November sunshine statistics, which represent conditions entirely within the northwest monsoon season, show that sunshine in the Calcutta area increases to about 8.5 hours per day, while northwest India declines slightly to 9.5 hours. Thus the difference between the Calcutta area and the Delhi area at the end of October is not as large as the tables and figures indicate. Sunshine hours are probably about 15 percent higher in the northwest of India than along the Bay of Bengal. Of course all of this depends on the southwest monsoon having left the Calcutta area by eclipse time, a likely but not certain event.

Those in quest of the longest possible eclipse, without sacrificing too much of the good weather, might prefer the Calcutta area to Delhi and Agra. In the latter cities the eclipse duration is less than a minute; a site near Calcutta will see over 20 seconds more of totality. But monsoons are notoriously fickle creatures, and the eclipse date is barely a week after the normal withdrawal of the southerly monsoon at Calcutta. Observers who wish to take a position near the Bay of Bengal should rely on local weather reports and the 1995 status of the northwest monsoon to adjust their viewing plans.
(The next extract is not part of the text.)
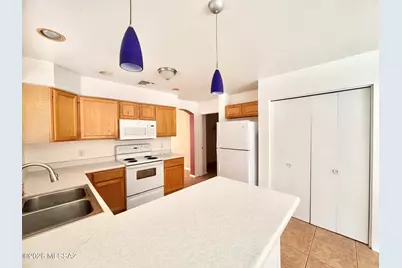 9168 E Rainsage Street, Tucson, AZ 85747 - Photo 11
At the infrequent times (15 to 25%) when the path through India is cloudy, the clouds come mostly from high level disturbances caught in the upper atmospheric winds. During summer months, the jet stream resides on the north side of the Himalayas carrying disturbances across Tibet and China. In October, as the continent cools, the jet makes a sudden shift southward, moving to the equatorial side of the mountains. Disturbances which were formerly carried into Tibet now move across northern Pakistan, India and Southeast Asia. Each of these can bring greater or lesser amounts of cloud according to their intensity.

These westerly disturbances are characterized by low pressure systems which move over northern Pakistan and head east northeastward into India. There are about seven or eight of these a month at their peak in January, but there are far fewer in October. The abundance of sunshine provides ample evidence that these systems are not particularly common in the fall.
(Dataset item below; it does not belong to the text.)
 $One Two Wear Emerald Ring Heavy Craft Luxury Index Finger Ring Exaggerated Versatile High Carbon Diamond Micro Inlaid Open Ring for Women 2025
Morning fog patches are rare across northern India, but increase in frequency toward the coast at Calcutta. Thunderstorms, mostly an afternoon phenomenon, are also more common toward Calcutta. Dust storms are an occasional hazard near the Pakistan border, but rare or unknown elsewhere. Since the northwest monsoon is in its early stages, winds are generally light everywhere and dust is most likely to be raised by the occasional thunderstorm or front.
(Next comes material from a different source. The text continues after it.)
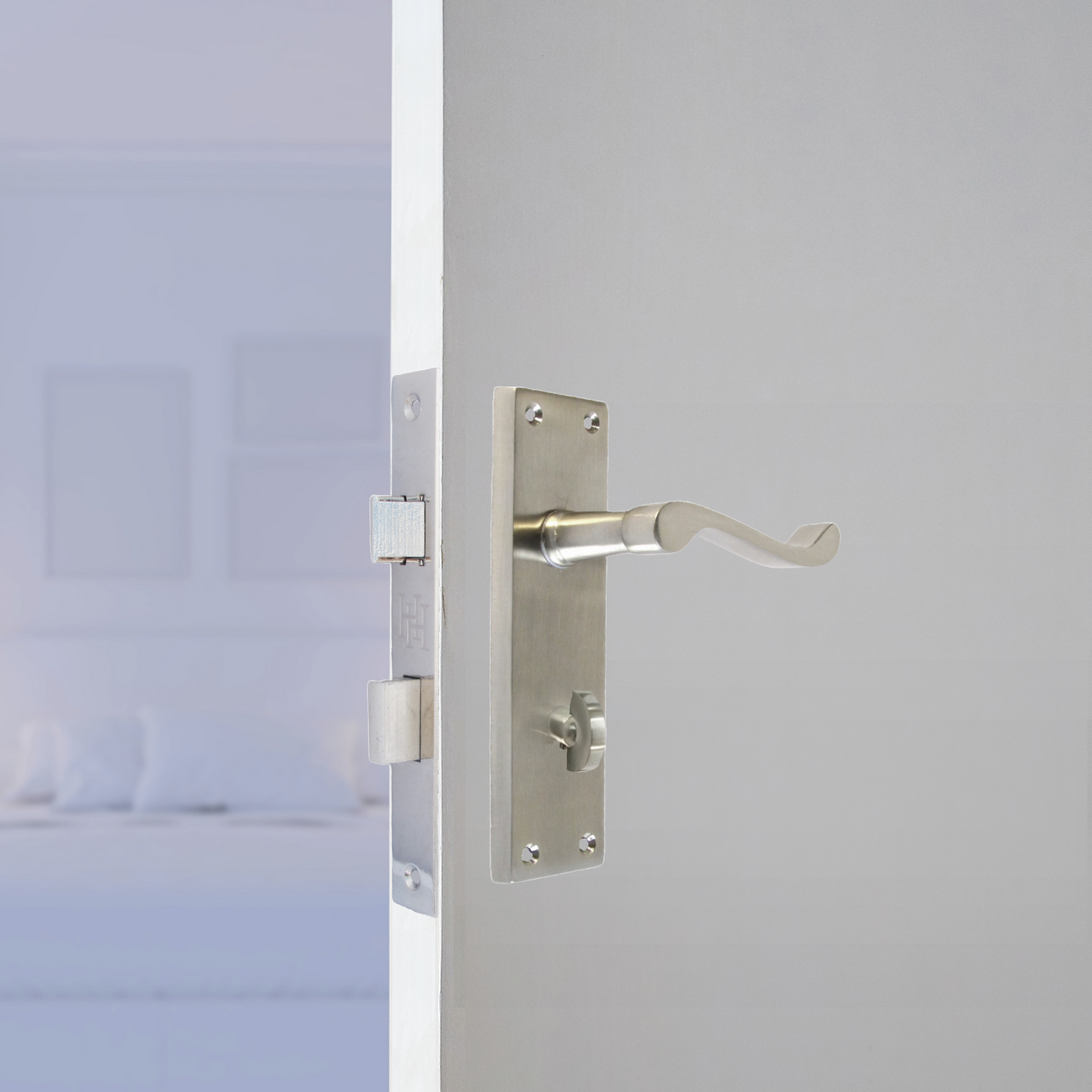 Poignées de porte de style victorien avec levier à volutes et serrure de salle de bain - Satin 150 x 40 mm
The Bay of Bengal is famous for its cyclonic storms which occasionally strike the low lying coast of Bangladesh with great loss of life. These storms are not as common as their newspaper reputation would suggest, occurring with a frequency of less than once per month in October. About 30% grow to become severe storms with winds in excess of 90 km/h. Their normal path is to follow the east coast of India, curving to move inland across Bangladesh or northern Myanmar. However, a substantial fraction are not content to follow the common path, and instead head northwestward past Calcutta and into the center of the Indian sub-continent. While they weaken rapidly once they leave their ocean source, the extensive cloudiness thrown up by these storms has the potential to affect eclipse observing as far west as Allahabad, or even a little beyond. Similar cyclonic storms develop in the Arabian Sea, but are very unlikely to reach the eclipse track south of Delhi.